U.S. Stocks Are Trading at a Rarely Seen Discount
Even with the market's bounce, the selloff provides a chance to invest in significantly undervalued stocks.
U.S. stocks may have rebounded after a brush with a bear market, but by our calculations, the broad equity market remains well in undervalued territory.
As of May 31, 2022, the price/fair value of a composite of the stocks covered by our equity analyst team was 0.87 times. Since 2011, on a monthly basis, there have only been a few other instances in which the markets have traded at such a large discount to our intrinsic valuation.
The current level of undervaluation is the greatest discount to fair value since the emergence of the pandemic in March 2020 and the growth scare that sent stocks lower in December 2018.
On a longer historical time frame, the only other instance when our price/fair value metric had dropped lower was in the fall of 2011, when there were concerns that possible contagion from the Greek debt crisis was spreading to other countries (Portugal, Italy, and Spain) and that the systemic risk from the European sovereign debt crisis was spreading to the European banking system. The markets were close to this level in mid-2015/early 2016 when U.S. equity markets fell as declining economic growth in China and plunging oil prices took their toll on market sentiment.
Markets were very volatile during May, as stocks fell for most of the month and even hit bear-market territory during intraday trading on May 20. However, almost immediately after breaking through the "official" bear-market marker of a 20% decline from their peak, stocks rallied as bargain-hunters emerged.
While we were not surprised by the market pullback earlier in the year, as the markets were overvalued coming into the year, we think the pendulum has swung too far the other direction and view the U.S. equity market as being significantly undervalued for long-term investors.
At the beginning of the year, we noted that the value category was the most attractive and that both core and growth stocks were overvalued. Value stocks have held up the best during the selloff as the Morningstar US Value Index increased 0.97% year to date through May. Most of the selloff occurred within the growth category; the Morningstar US Growth Index plummeted 28.39%.
Losses across the core stock category split the difference as the Morningstar US Core Index dropped 12.85%.
According to our valuations, the growth category is now the most undervalued, trading at a 19% discount to our fair value, followed by the value category at an 8% discount and then core at a 6% discount. Across capitalization levels, we continue to see the best opportunities among small-cap stocks (19% discount), followed by large-cap (13% discount) and mid-cap (11% discount) stocks.
Although we calculate that the market remains undervalued for long-term investors, we also expect that volatility will remain high over next few months. In our 2022 Outlook, we noted that there were four main headwinds that the market would need to contend with this year. Any one of these headwinds is difficult enough for the markets to traverse—and right now we are in the midst of the convergence of all four playing out at the same time. It is unlikely that volatility will meaningfully subside until the market gets better clarity over the next few months.
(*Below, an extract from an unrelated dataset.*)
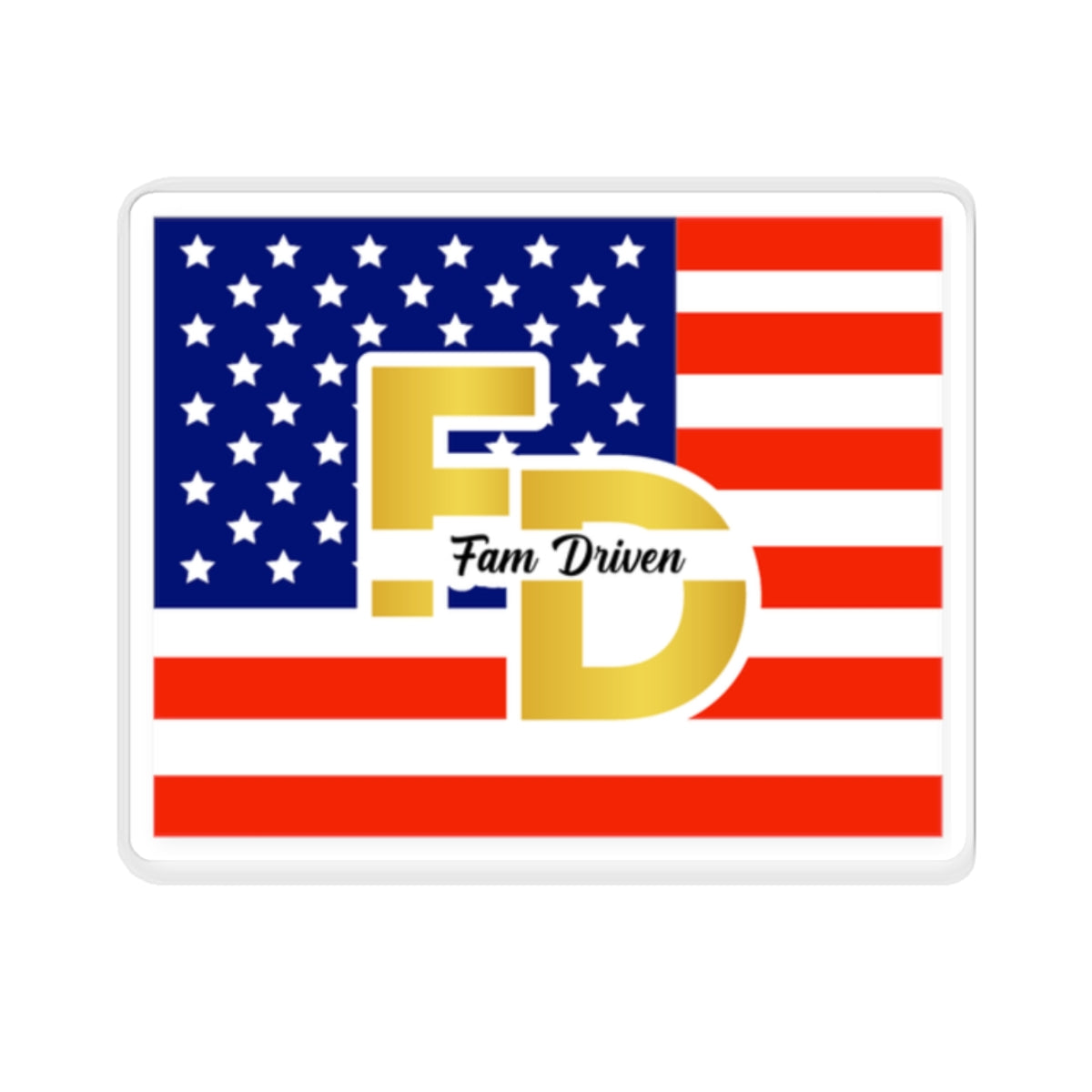 Sticker American Flag Fam Driven Logo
Much of the selloff this year has been relatively indiscriminate in that even high-quality companies, such as those with Morningstar Economic Moat Ratings of wide, have declined. Companies rated with wide economic moats are those with long-term durable competitive advantages that will allow them to generate excess returns over their cost of capital. These companies are best positioned to weather any potential economic disruptions and typically have the strongest pricing power.
There were eight wide-moat stocks whose Morningstar Ratings moved into 5-star territory. Of the 238 companies that we rate with a wide moat that trade on U.S. exchanges, there are now 27 with a 5-star rating; at the end of 2021, there were only nine.
In these types of market environments, it is especially important for investors to have a plan that balances their long-term investment goals with their risk tolerances. This plan should also allow for periodic rebalancing to increase equity allocations when valuations decline but also reduce exposure when valuations become overextended. Based on our view that the U.S. equity market is undervalued, we think that now is not the time to be reducing exposures but to be adding judiciously—especially in high-quality companies—based on your investment plan and goals.